Johnson is also concerned that allowing special rights for one group of people would be difficult to manage.
"There just comes a time when we all need to live and work and recreate together. No white, red, black, tan divisions," Johnson said. "Times are changing and times change reality ... and we get more people and we get less public space and we get a higher responsibility because of those things to work together."
The White Earth and Leech Lake bands have been working on a set of draft regulations that tribal members hunting or fishing off reservation would have to follow. Tribal leaders haven't voted on the plans, nor do they support plans by some band members to fish prior to the walleye opener.
Vern Wagner is vice president of the Minnesota group Anglers for Habitat, though Wagner says he doesn't speak for the organization.

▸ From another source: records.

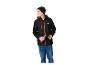 Mann in schwarzer Jacke mit orangefarbenen Reißverschlüssen und Mütze, hält eine silberne Flasche.
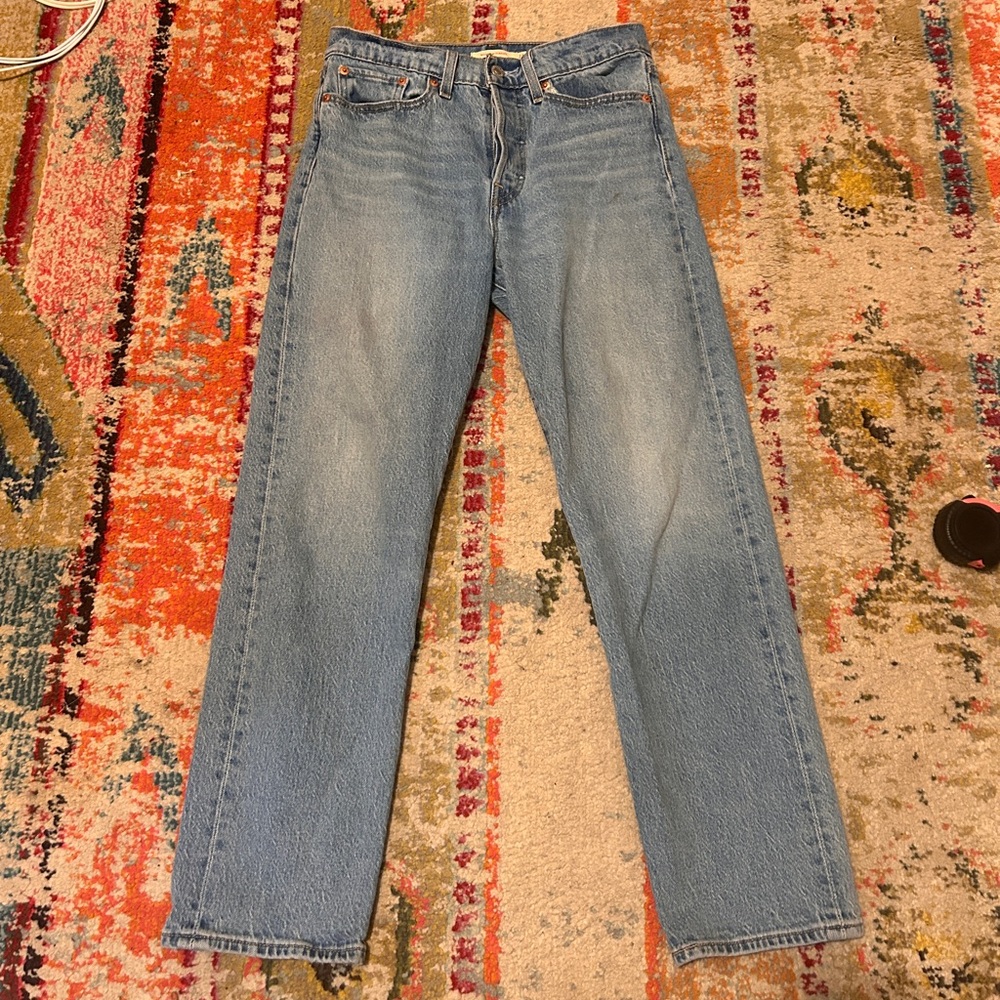 Levi’s Medium Wash Wedgie Straight Ankle Women’s Jeans. Size 27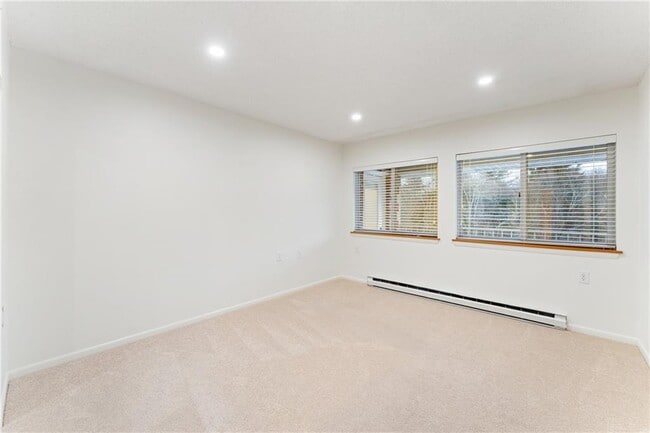 Building Photo - 30 Argyle Ave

He says he thinks the state should honor treaties between the U.S. government and the Ojibwe.
"I'm sure I'm not the typical fisherman who thinks that everybody should follow the DNR rules," Wagner said. "I believe that if somebody is wanting to practice a cultural way of angling, I think there should be some room for it. From what I can tell, they're trying to use fishing as a way to reconnect with something that I suspect they feel is missing in their life."
Wagner says that since a fishing license is only about $17, he doesn't think allowing Ojibwe band members to exercise their treaty rights would be much of a burden on the state. And, Wagner says, since the numbers of Minnesotans who fish is on the decline, he's happy to see more people taking an interest, no matter who they are.
Band members are calling the treaty rights demonstration "The Great Anishinaabe Fish-Off." They say they haven't decided when or where the pre-opener fishing event will happen, but that it would likely be on several lakes on May 14. Organizers say they'll notify the DNR of their intentions beforehand.
DNR officials say they'll be prepared for whatever happens. Mike Carroll is the agency's northwest regional director. Carroll says he hasn't heard from anyone yet.
"We're just waiting. We will treat this at this point in time as any normal fishing opener and we will respectfully and equally enforce the game and fish laws of the state of Minnesota, so that's where we are," he said.
Organizers of the Great Anishinaabe Fish-Off say their goal is for band members to receive citations for fishing out of season, and then to challenge the citations in court.